Stanley v. Barney

10 P.2d 1022 | Cal. Ct. App. | 1932

This is an appeal from an order denying a motion for change of venue.

The complaint alleges that Lydia H. Barney died on January 6, 1927, leaving no issue, and that no administration has been had upon her estate; that plaintiff is the grandson of decedent and an heir at law; that defendants are granddaughters of decedent; that about a month prior to her death, decedent deeded certain real property in the city and *140 county of San Francisco and the county of San Mateo to appellants herein; that at said time decedent was mentally incapable of transacting business; that the consideration recited in the deed was grossly inadequate; and that the execution of the deed was induced by the fraudulent acts and representations of defendants (which are particularly set forth). It is prayed that the deed be annulled, that defendants be ordered to surrender the same, and that plaintiff have such other relief as may be just in the premises.

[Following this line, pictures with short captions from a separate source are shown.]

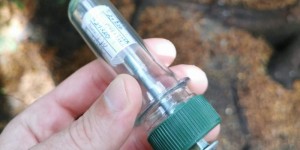 Beitragsbild des Blogbeitrags Sommer-Action mit Spaßfaktor: So funktioniert Geocaching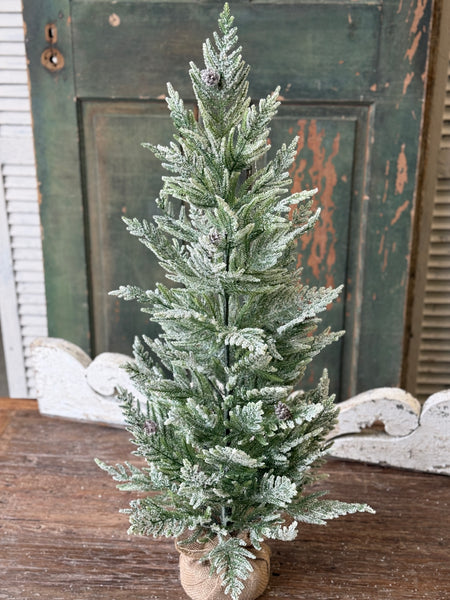 Winter Overture Pine Tree | 36" | NOT CURRENTLY IN STOCK-New For Holiday 2026!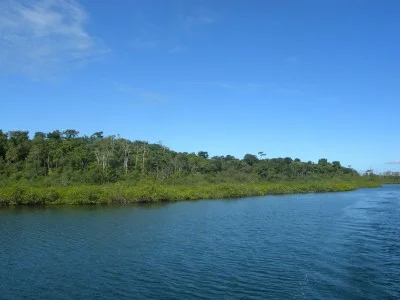 Mangrove
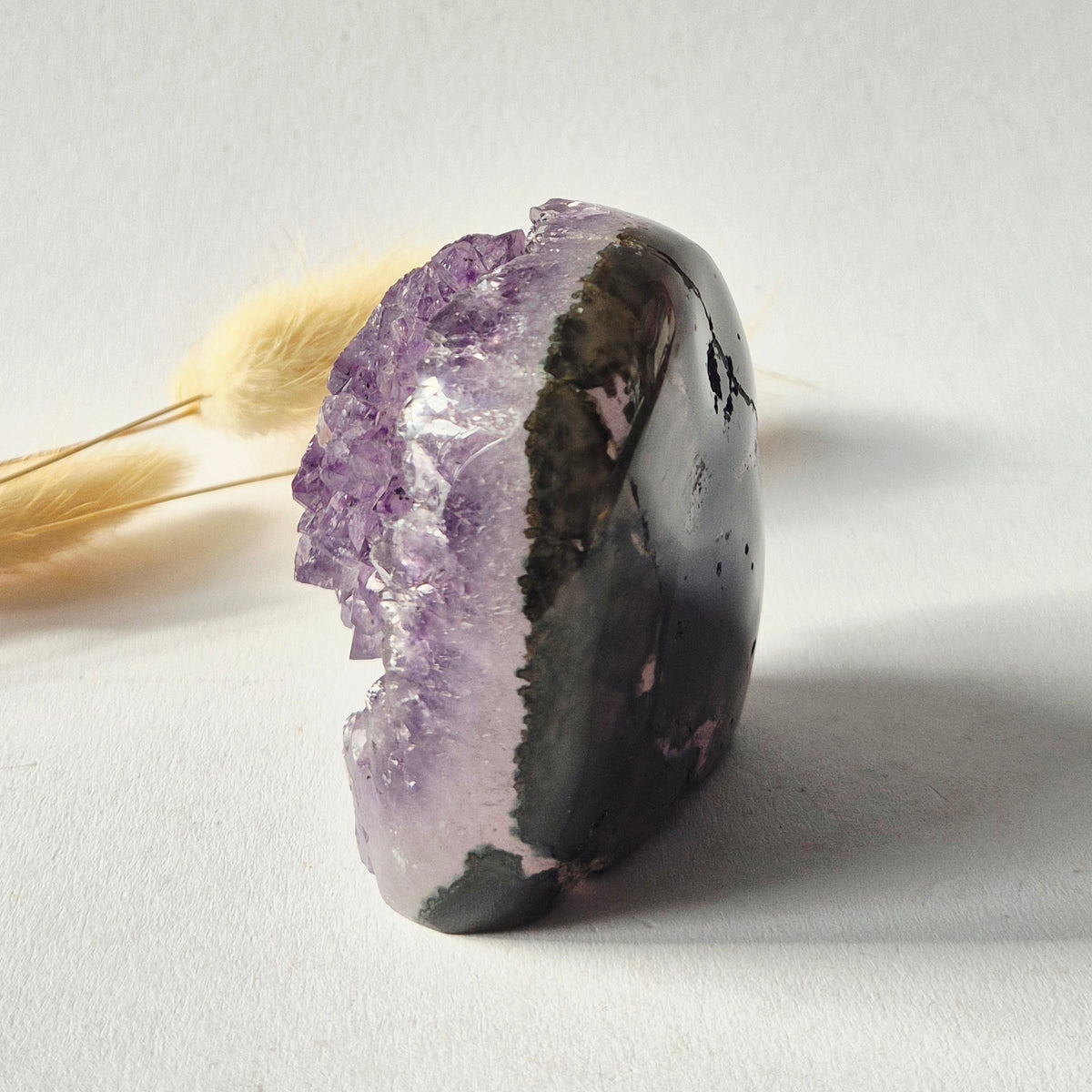Amethyst Eyes Freeform – Agate Eye – 243g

Section 392 of the Code of Civil Procedure provides in part as follows:

"Actions for the following causes must be tried in the county in which the subject of the action, or some part thereof, is situated, subject to the power of the court to change the place of trial, as provided in this code:

"1. For the recovery of real property, or of an estate or interest therein, or for the determination in any form, of such right or interest, and for injuries to real property."

It has been held that the foregoing section is very broad, and that it includes an action to declare a trust in real property. (Donohoe v. Rogers, 168 Cal. 700 [144 P. 958].) It has been construed to cover an action for the reformation of a written contract for the sale of real property (Franklin v. Dutton,79 Cal. 605 [21 P. 964]), and an action for the specific performance of a contract for the sale of land (Grocers' etc.Union v. Kern etc. Co., 150 Cal. 466 [89 P. 120]).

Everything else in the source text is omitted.